Queda manifiesto que durante la vigencia de UPyD, todas estas propuestas fueron aceptadas por los socialdemócratas como simple reflejo de pluralidad y salud democrática, fruto de las ideas o el desvarío de una hija pródiga algo descarriada aunque, en la base, sindicalista de pro en la Unión General de Trabajadores e indiscutiblemente socialista, a la sazón hija de un obrero metalúrgico encarcelado y condenado a muerte durante el franquismo, aunque posteriormente le fuera conmutada la pena.

¿Le suena a alguien todo este postulado, fundamento del partido Unión Progreso y Democracia, por sus siglas UPyD o, como es tradición, el árbol no deja ve el bosque? La pregunta que se suscita entonces es por qué de pronto, tras la debacle en las recientes elecciones autonómicas del 2018 en Andalucía, la cúpula socialista se ha apresurado a tildar a Vox de extrema derecha, despertando la alarma y llamando poco menos que a la insurrección.

La respuesta seguramente esté en los 400.000 votos que han transitado de los escaños socialistas y de su socio Podemos, a la cuenta de la nueva formación conservadora, que por otro lado, al margen de postulados análogos a los defendidos en su día por Rosa Díez, rechazan cualquier forma de desintegración del Estado, rehuyen del golpismo en cualquiera de sus formas, o se alejan de toda propuesta que no defienda el bienestar social.
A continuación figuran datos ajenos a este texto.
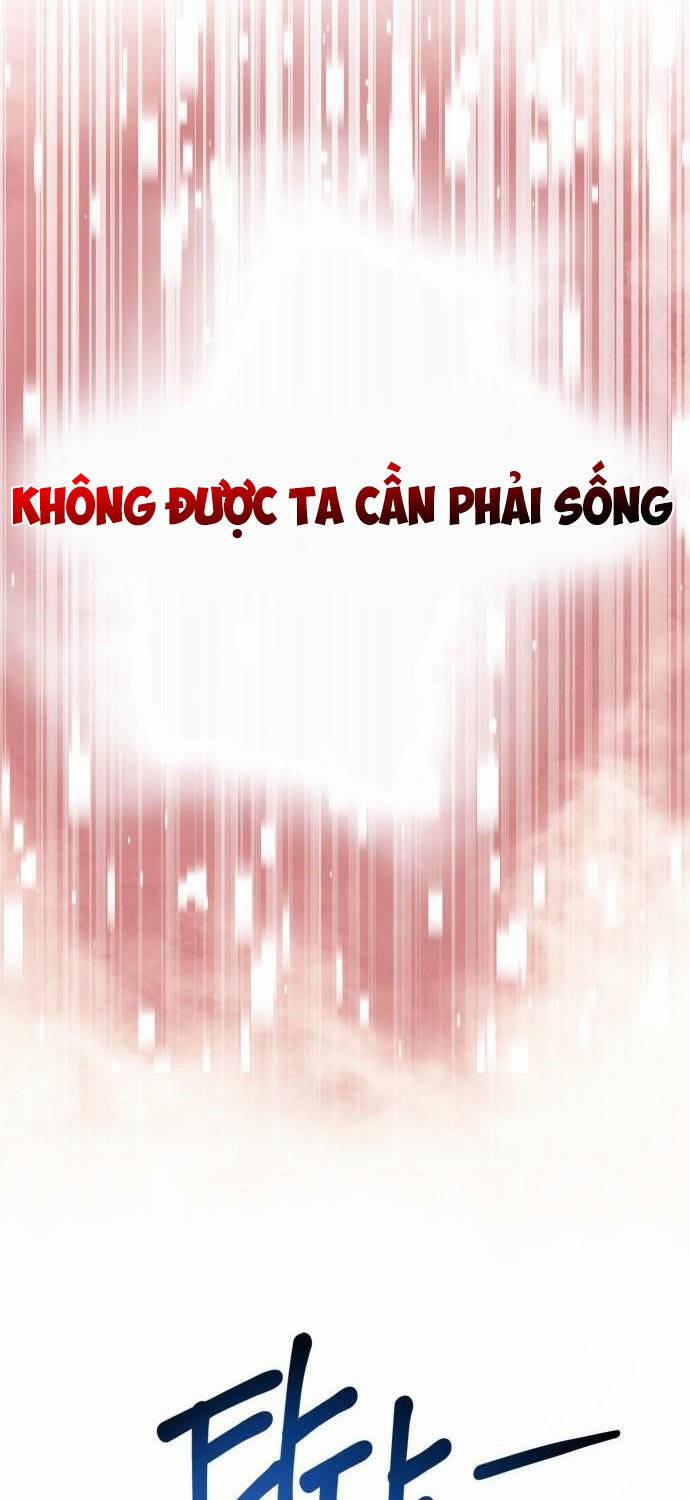 Hoàng Tử Bán Thuốc Chương 37 Trang 65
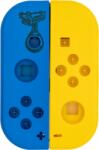 Nintendo Carcasa (Housing Shell) Controller Joy-Con Nintendo Switch - Yellow / Blue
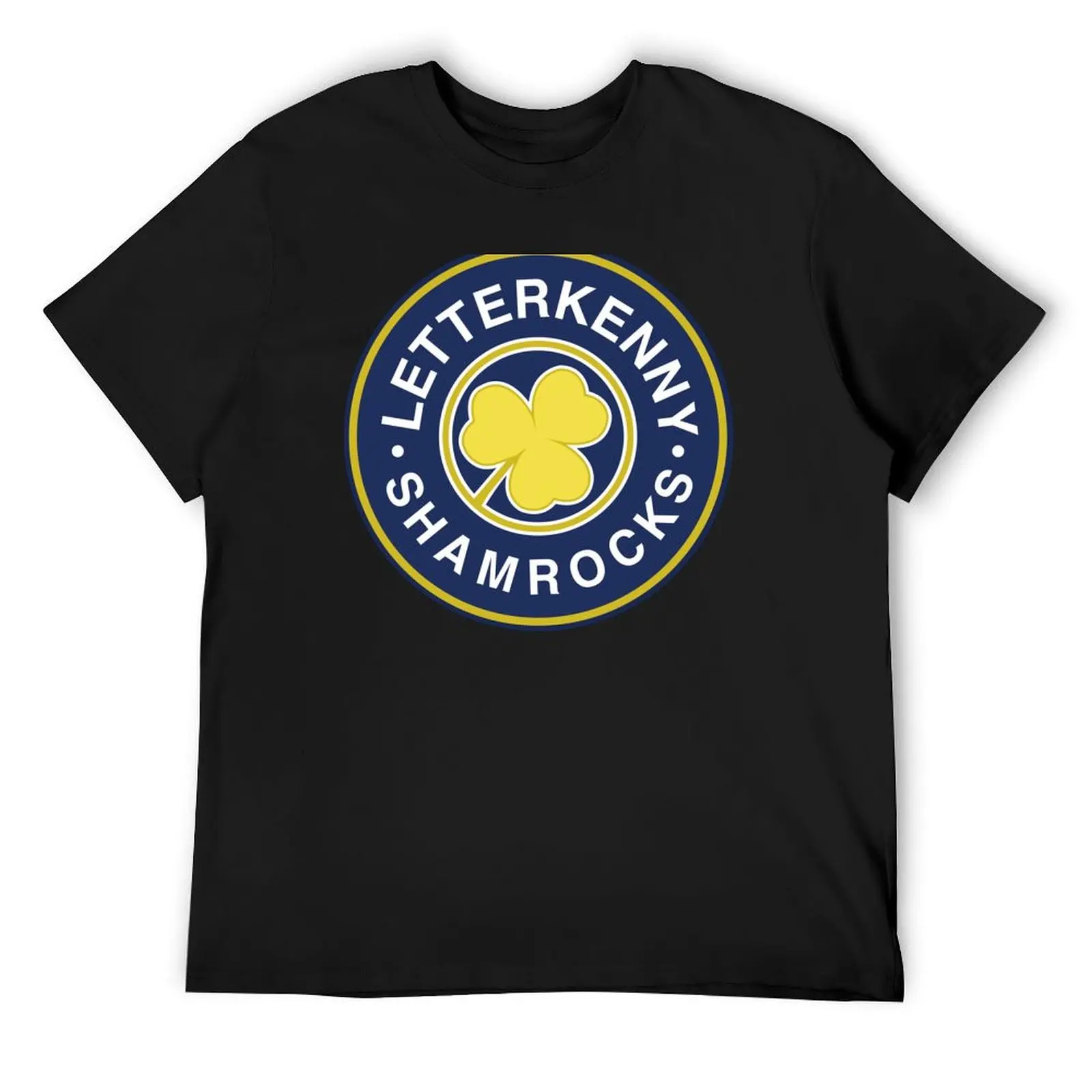 Letterkenny Shamrocks Hockey T-Shirt affliction shirts valentines boutique clothes summer 2025 anime shirt designer t shirt men
Letterkenny Shamrocks Hockey T-Shirt affliction shirts valentines boutique clothes summer 2025 anime shirt designer t shirt men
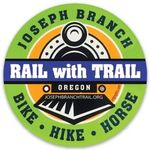Profile Picture of Joseph Branch Trail Consortium (@josephbranchtrail) on Instagram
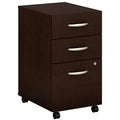3-Drawer File Cabinet O277861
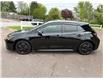 2020 Toyota Corolla Hatchback Base (Stk: A-090189) in Moncton - Image 4 of 20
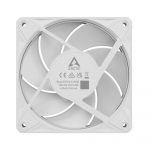 ARCTIC ACFAN00338A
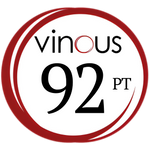 Vinous Media 92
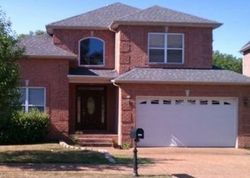  Palisades Ct, Brentwood TN
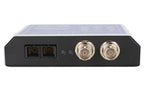 RME MADIface USB 128-Channel MADI/USB 2.0 Interface #2407567 (Used)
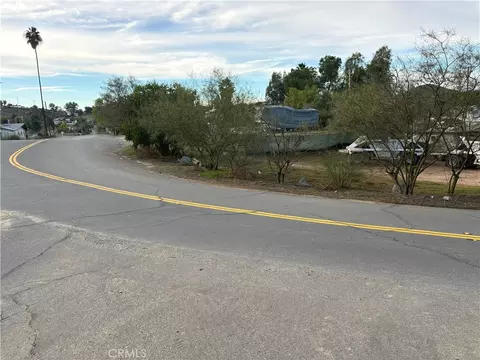 0 Norma Dr, Menifee, CA 92587 photo 7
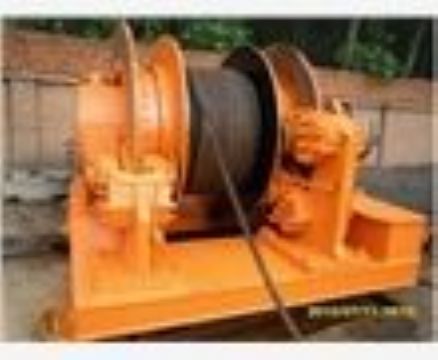 點(diǎn)擊查看詳細(xì)信息<br>標(biāo)題：運(yùn)輸絞車 閱讀次數(shù)：2812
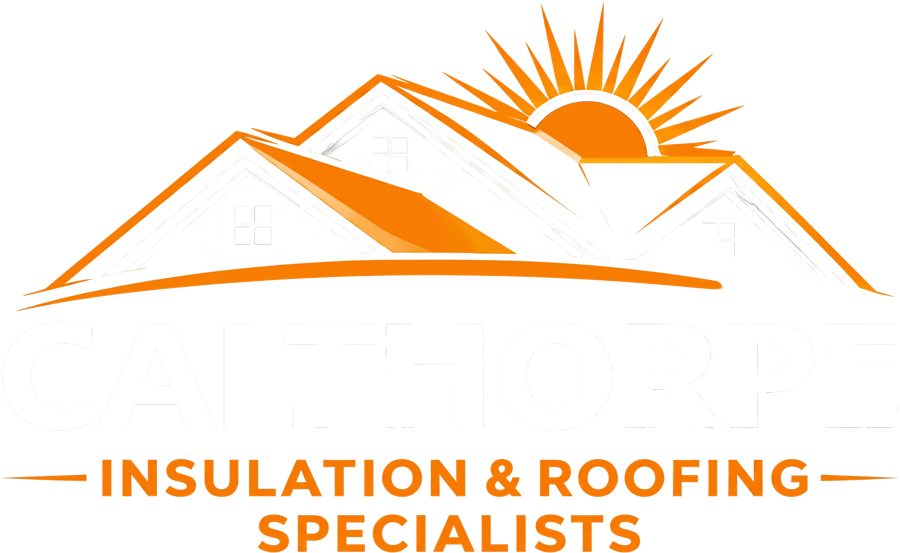 Calthorpe Roofing
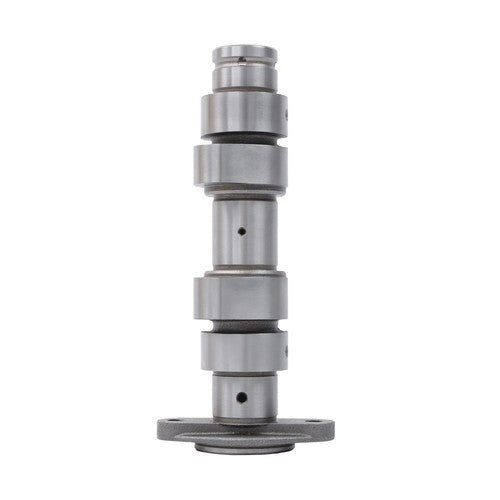 DURAFORCE For Yamaha XT600E XT600 XT600Z SRX600 TT600R 1JK-12171-00 Camshaft Cam Shaft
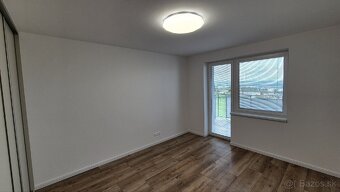 Prenájom 3i byt Námestovo 85 m2 - 19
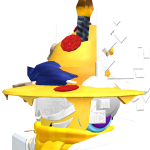 @BucketCatBrother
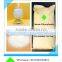 Metallurgy and mineral processing used polyacrylamide nonionic polyacrylamide/NPAM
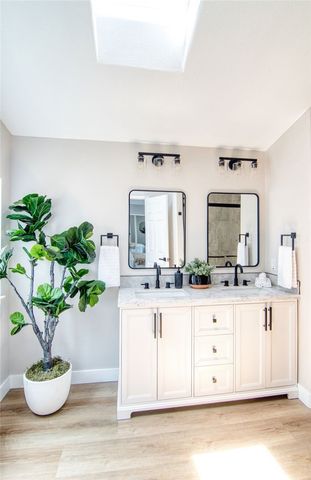 16444 Bolsa Chica Avenue 74, Huntington Beach, CA 92649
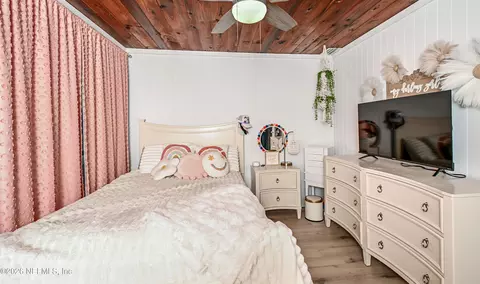 Bedroom - 24099 W Nfr 209 W, Olustee, FL 32072 photo 6 of 9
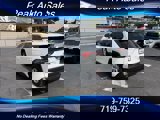 Used 2020 Toyota RAV4 XLE image 5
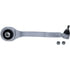 Lemfoerder 3111102 Suspension Control Arm 3111102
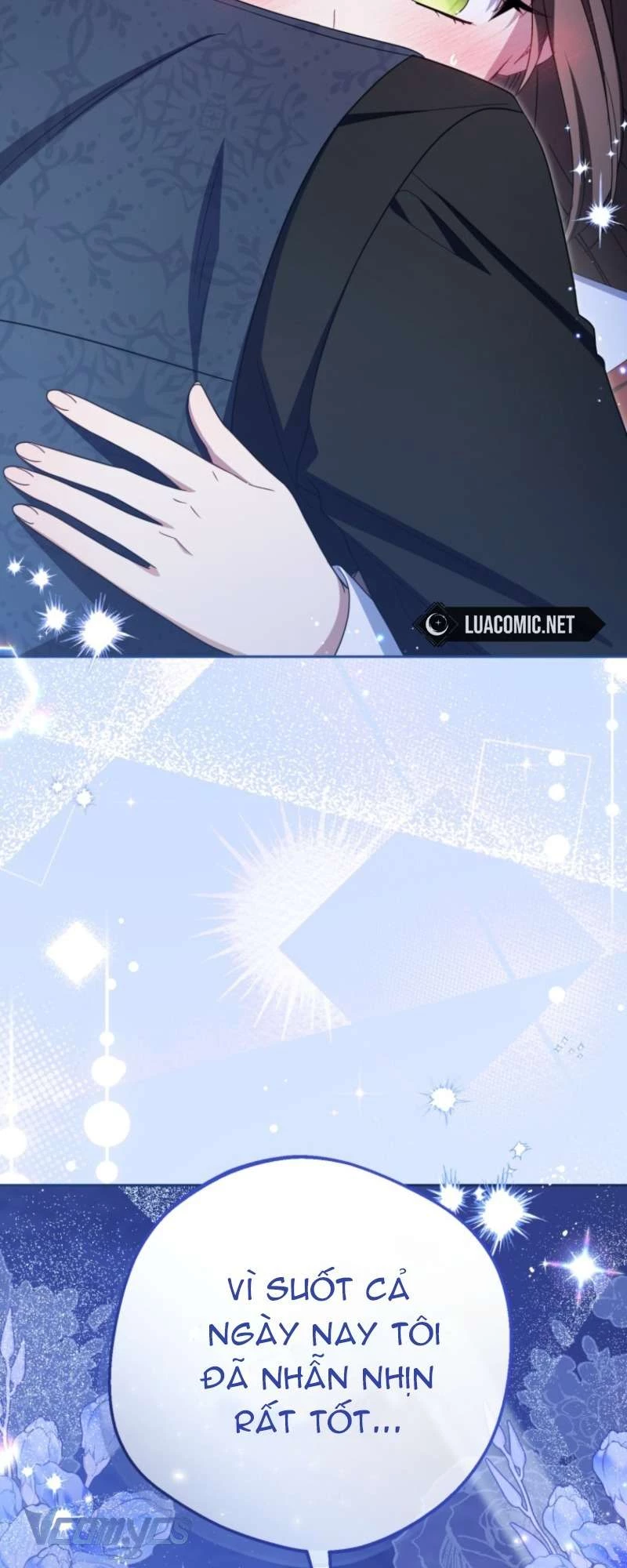 Được Yêu Thương Mà Còn Ngại Ngùng Sao! Chapter 103 - 67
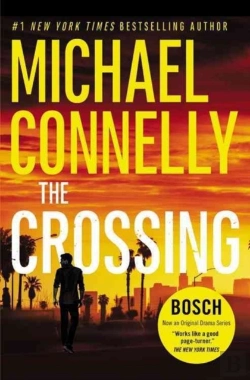 Bertrand.pt - The Crossing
Lejos del sesgo interesado de la cúpula socialista, el auge de Vox tiene una sola lectura: el voto de castigo. Y que nadie se engañe, sólo se escarmienta a quien no cumple con su cometido. Sánchez, lejos de admitir su culpa, para variar se limita a eludir cualquier responsabilidad, pese a sus bandazos en general y a ejercer de Manostijeras, cortándole a Susana Díaz la hierba bajo los pies.

La democracia sólo admite la diversidad ideológica y la pluralidad política, de ahí la importancia de la continuidad del PSOE. Su naufragio afectaría gravemente, igual a sus adversarios que a la ciudadanía, y si las bases no lo remedian, el PSOE está condenado por Sánchez a la desintegración.